WHAT THE EXERCISE ASKS: Write out the data below in full, unchanged, minus the images.

SUPPLIED RECORDS:

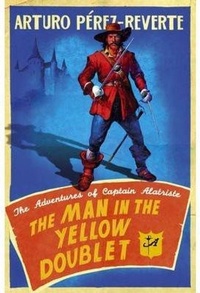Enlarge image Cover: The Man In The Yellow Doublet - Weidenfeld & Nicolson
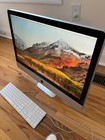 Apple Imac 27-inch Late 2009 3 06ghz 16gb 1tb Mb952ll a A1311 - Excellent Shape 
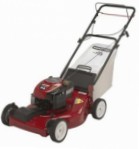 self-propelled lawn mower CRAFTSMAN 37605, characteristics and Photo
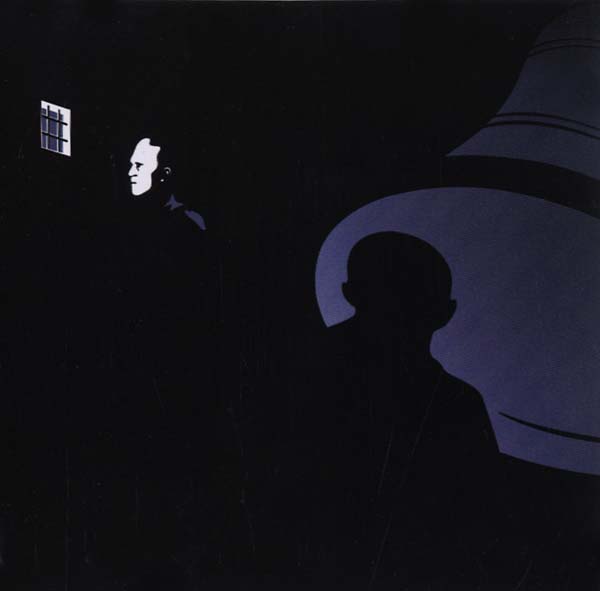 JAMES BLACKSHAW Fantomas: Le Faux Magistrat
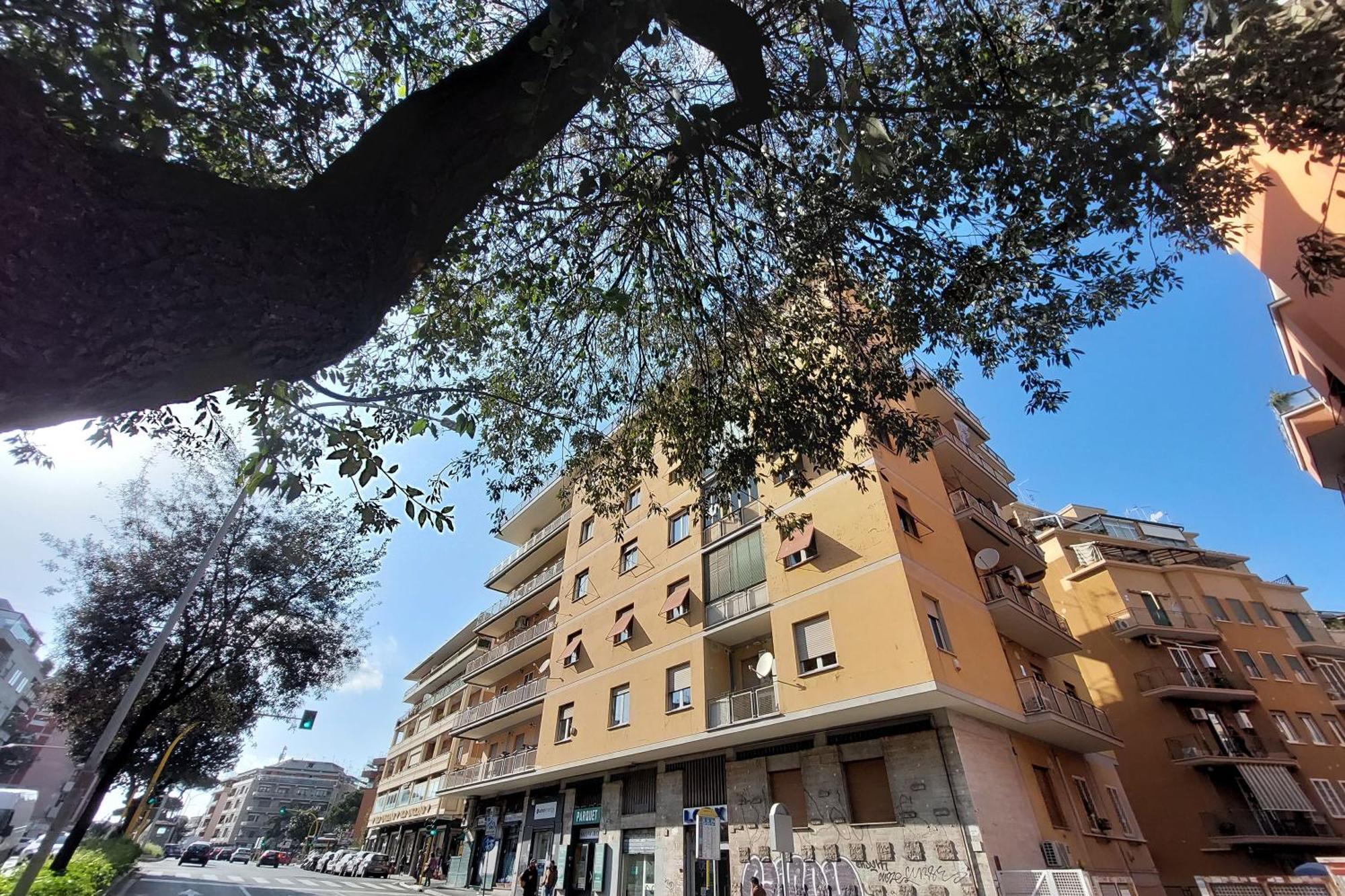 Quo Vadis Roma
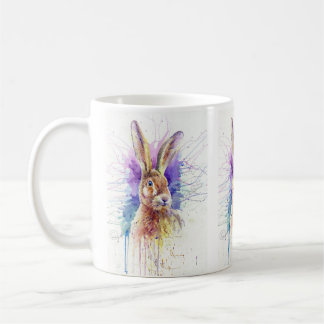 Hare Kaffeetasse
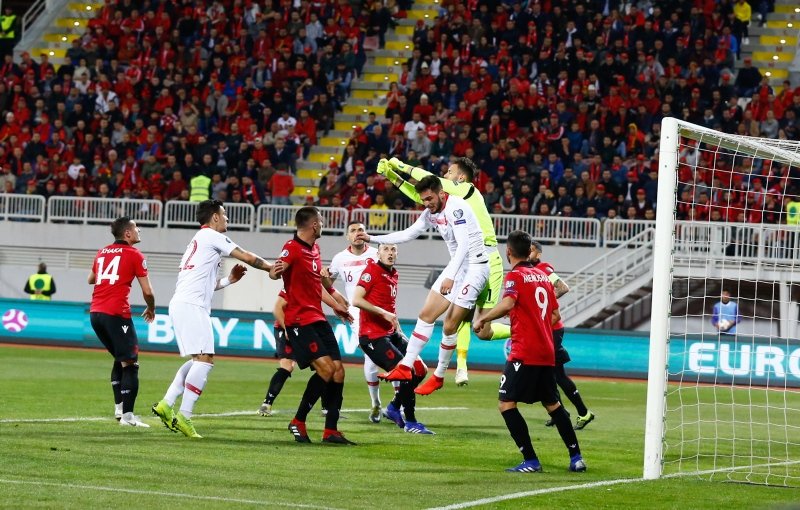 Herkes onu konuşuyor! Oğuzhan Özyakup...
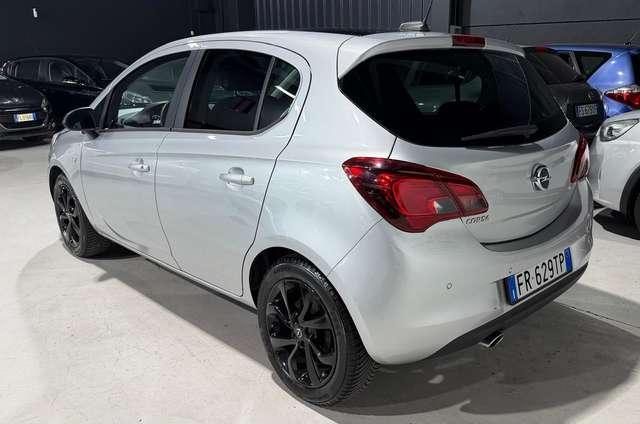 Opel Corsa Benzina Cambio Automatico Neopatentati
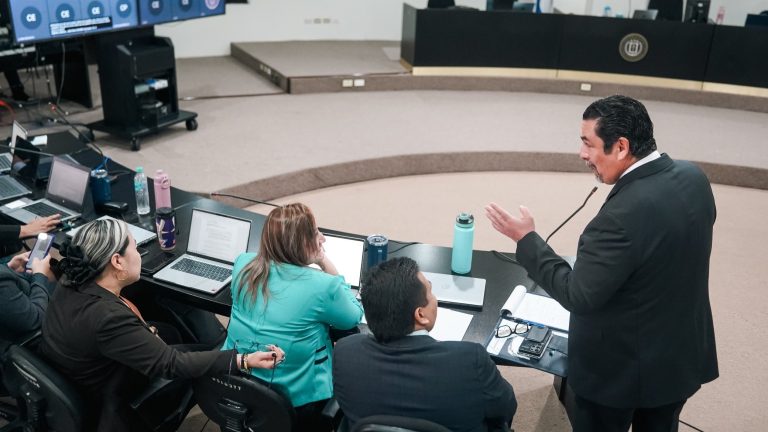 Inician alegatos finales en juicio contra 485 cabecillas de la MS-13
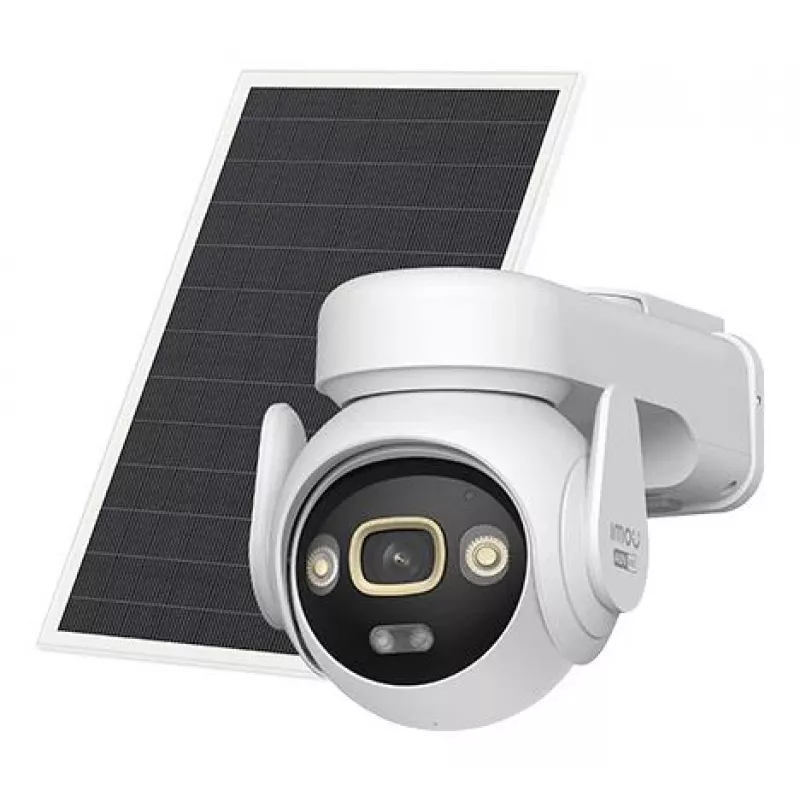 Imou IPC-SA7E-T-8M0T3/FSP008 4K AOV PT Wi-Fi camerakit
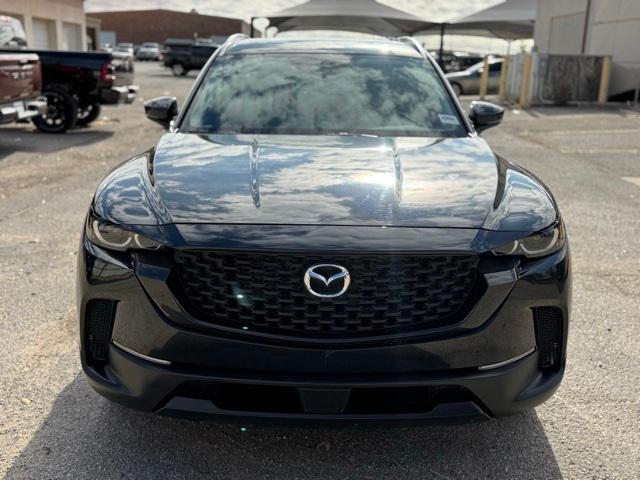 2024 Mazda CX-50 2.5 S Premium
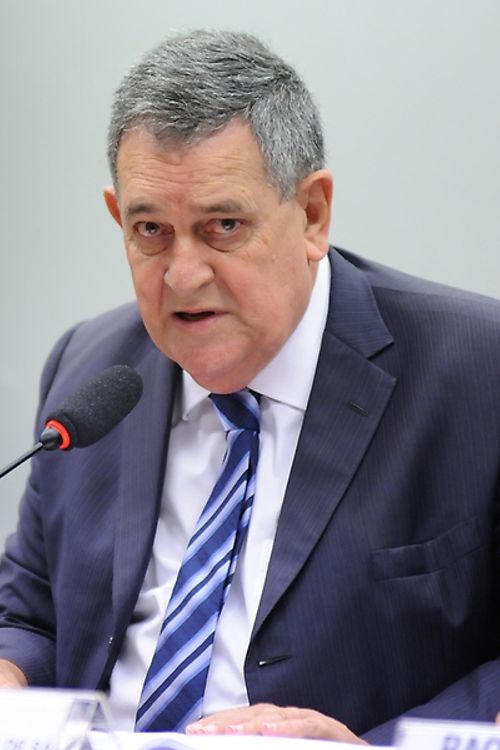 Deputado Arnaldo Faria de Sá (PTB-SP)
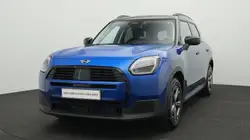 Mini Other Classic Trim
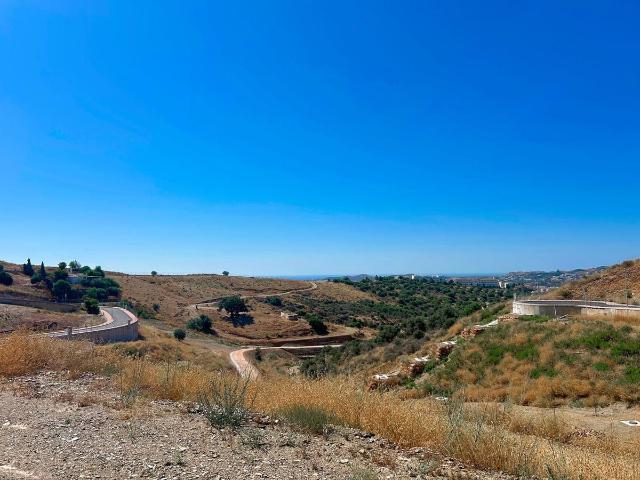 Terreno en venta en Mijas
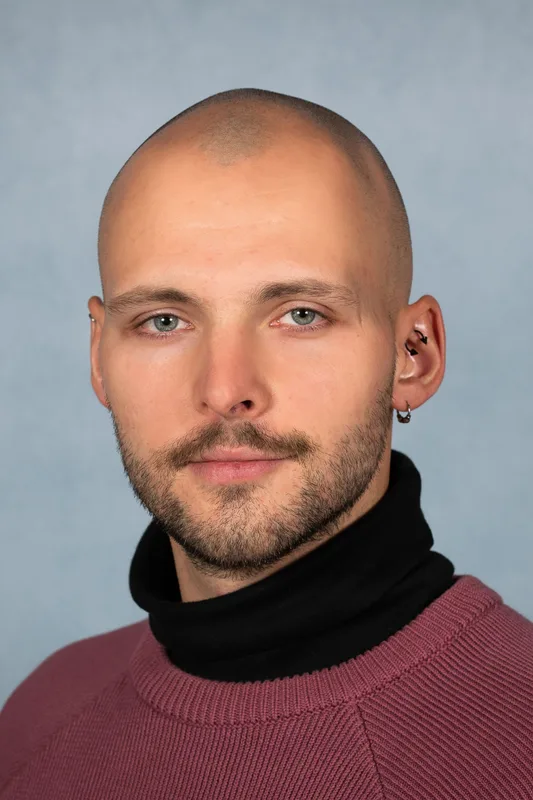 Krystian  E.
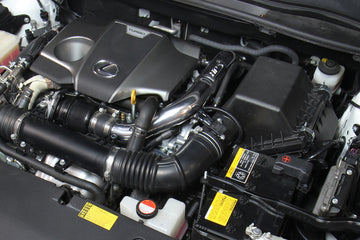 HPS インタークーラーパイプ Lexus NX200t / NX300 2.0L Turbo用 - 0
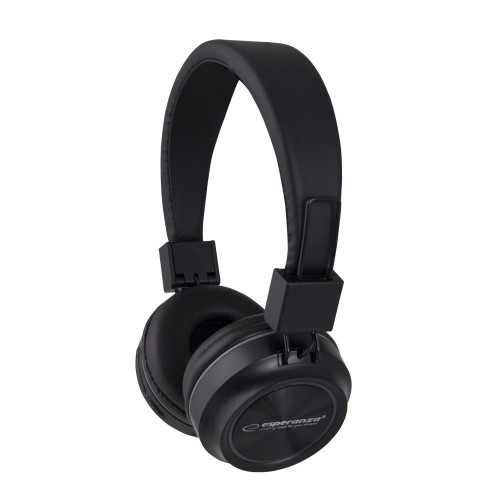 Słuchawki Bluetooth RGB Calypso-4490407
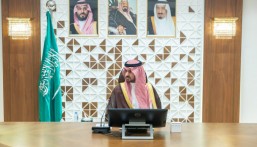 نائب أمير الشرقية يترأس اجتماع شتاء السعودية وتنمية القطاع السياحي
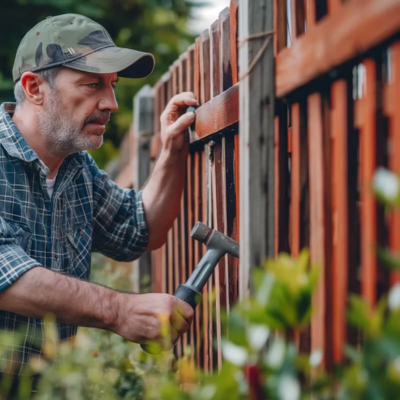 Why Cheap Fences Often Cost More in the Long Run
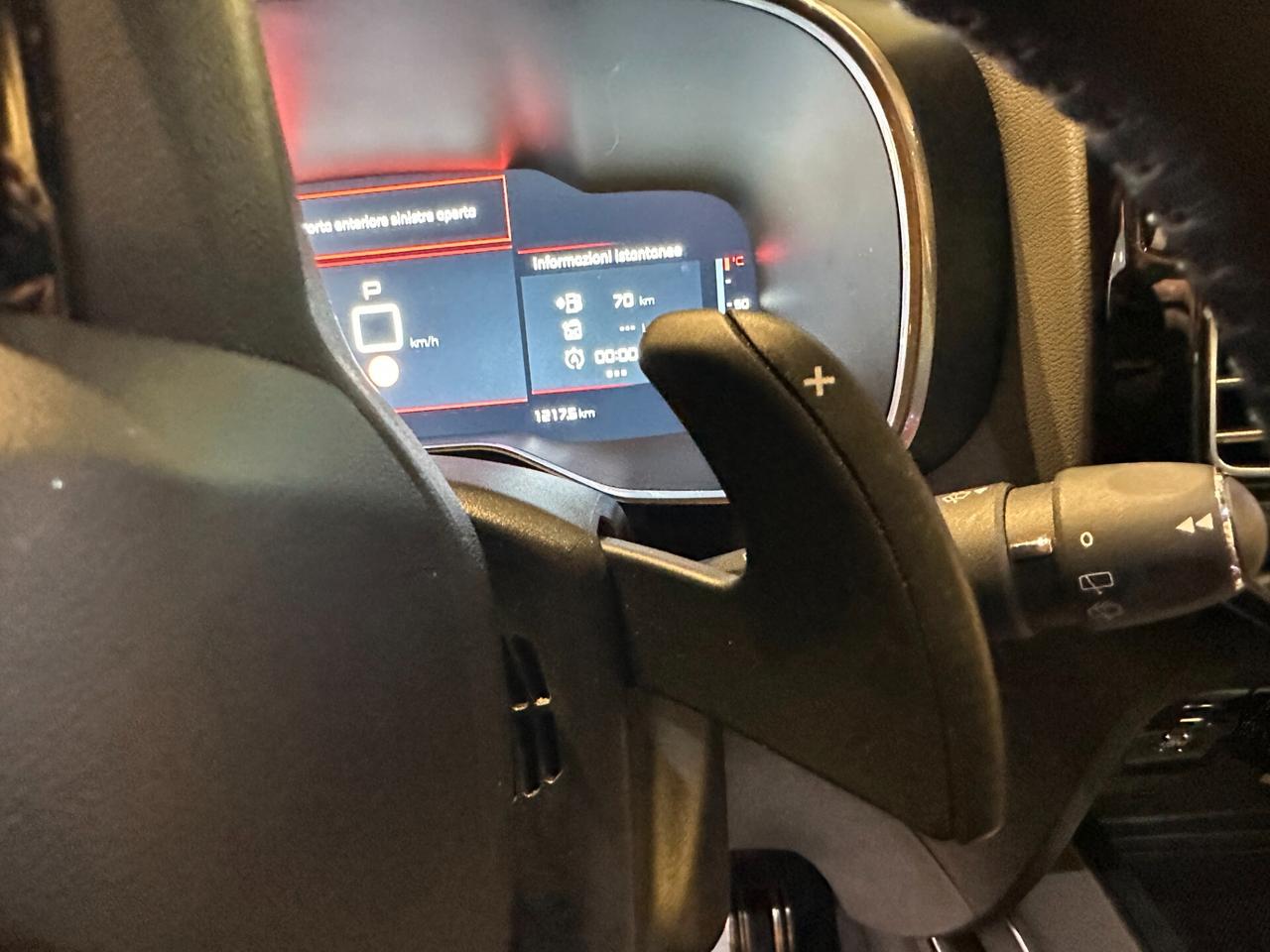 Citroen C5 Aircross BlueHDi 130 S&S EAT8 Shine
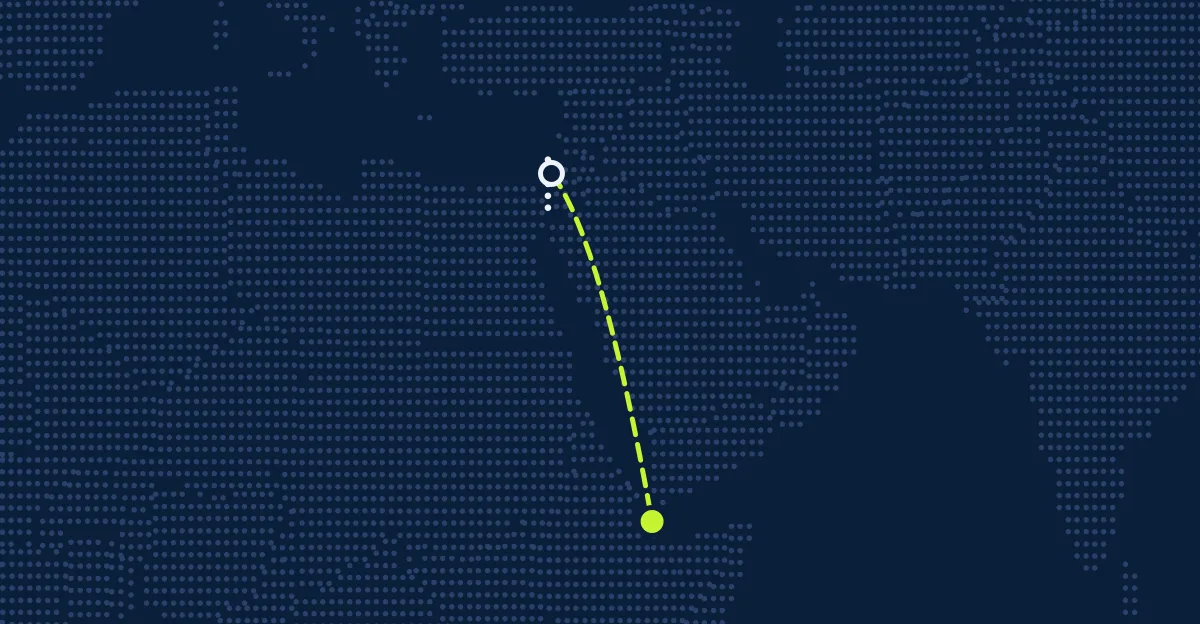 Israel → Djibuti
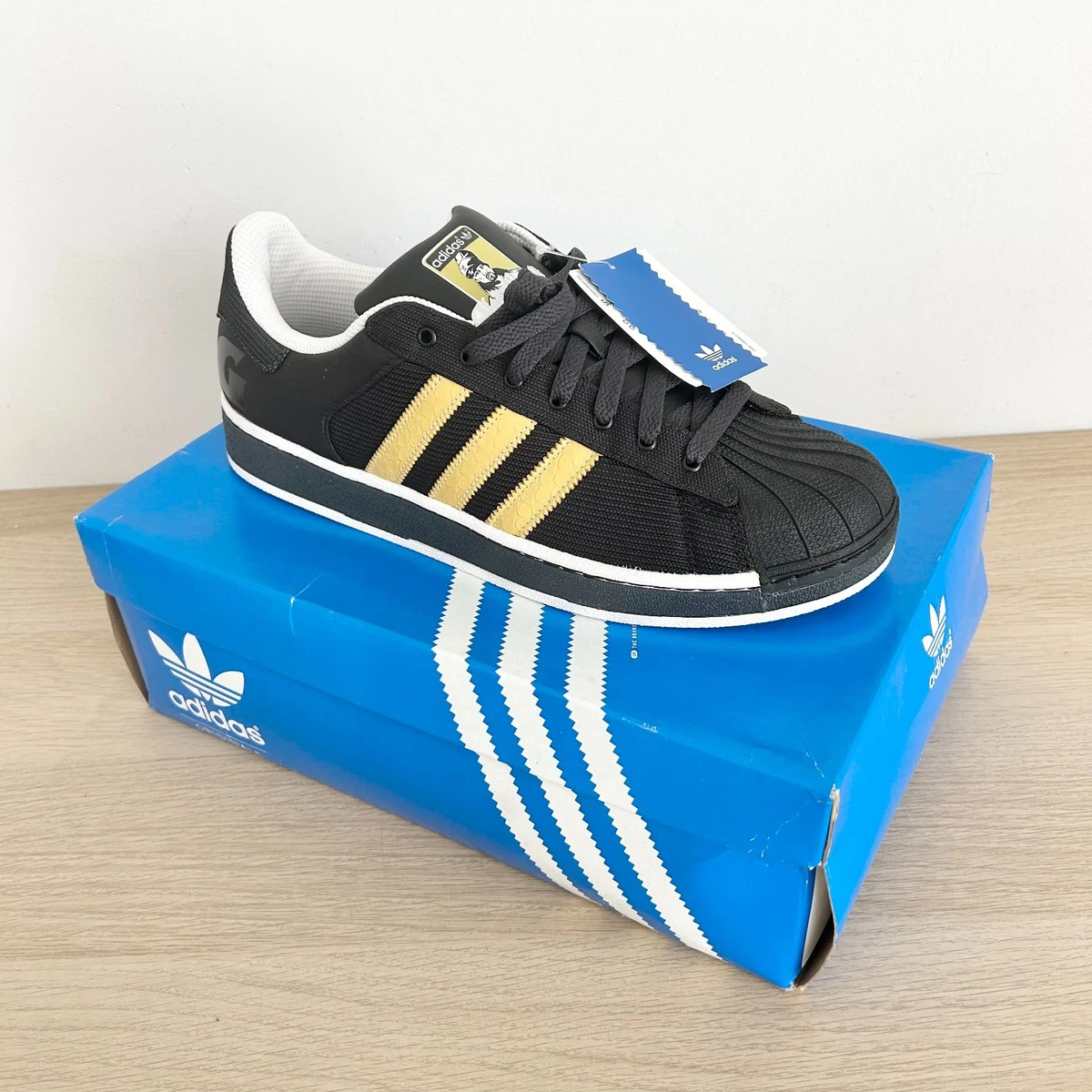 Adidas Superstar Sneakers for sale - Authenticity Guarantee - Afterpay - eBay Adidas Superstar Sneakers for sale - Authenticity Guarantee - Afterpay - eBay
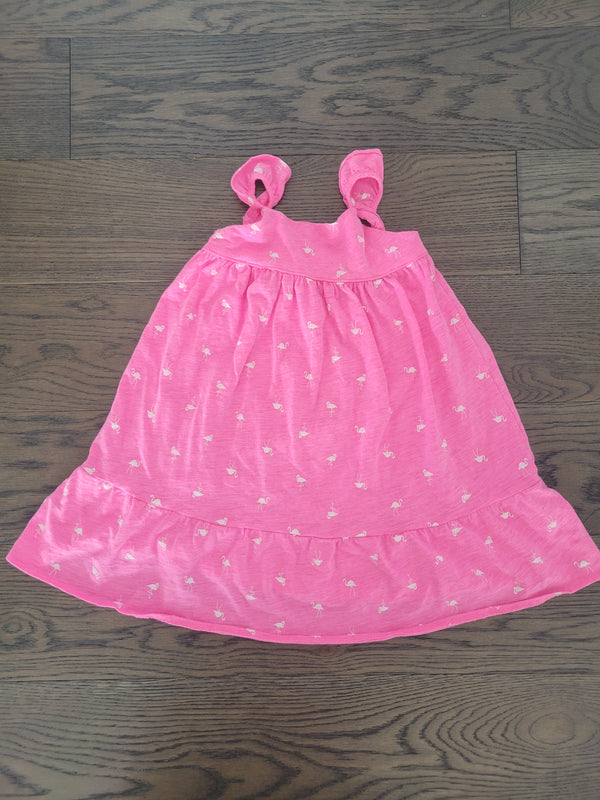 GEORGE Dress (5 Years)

ANSWER BOX:
Enlarge image Cover: The Man In The Yellow Doublet - Weidenfeld & Nicolson
 Apple Imac 27-inch Late 2009 3 06ghz 16gb 1tb Mb952ll a A1311 - Excellent Shape 
 self-propelled lawn mower CRAFTSMAN 37605, characteristics and Photo
 JAMES BLACKSHAW Fantomas: Le Faux Magistrat
 Quo Vadis Roma
 Hare Kaffeetasse
 Herkes onu konuşuyor! Oğuzhan Özyakup...
 Opel Corsa Benzina Cambio Automatico Neopatentati
 Inician alegatos finales en juicio contra 485 cabecillas de la MS-13
 Imou IPC-SA7E-T-8M0T3/FSP008 4K AOV PT Wi-Fi camerakit
 2024 Mazda CX-50 2.5 S Premium
 Deputado Arnaldo Faria de Sá (PTB-SP)
 Mini Other Classic Trim
 Terreno en venta en Mijas
 Krystian  E.
 HPS インタークーラーパイプ Lexus NX200t / NX300 2.0L Turbo用 - 0
 Słuchawki Bluetooth RGB Calypso-4490407
 نائب أمير الشرقية يترأس اجتماع شتاء السعودية وتنمية القطاع السياحي
 Why Cheap Fences Often Cost More in the Long Run
 Citroen C5 Aircross BlueHDi 130 S&S EAT8 Shine
 Israel → Djibuti
 Adidas Superstar Sneakers for sale - Authenticity Guarantee - Afterpay - eBay Adidas Superstar Sneakers for sale - Authenticity Guarantee - Afterpay - eBay
 GEORGE Dress (5 Years)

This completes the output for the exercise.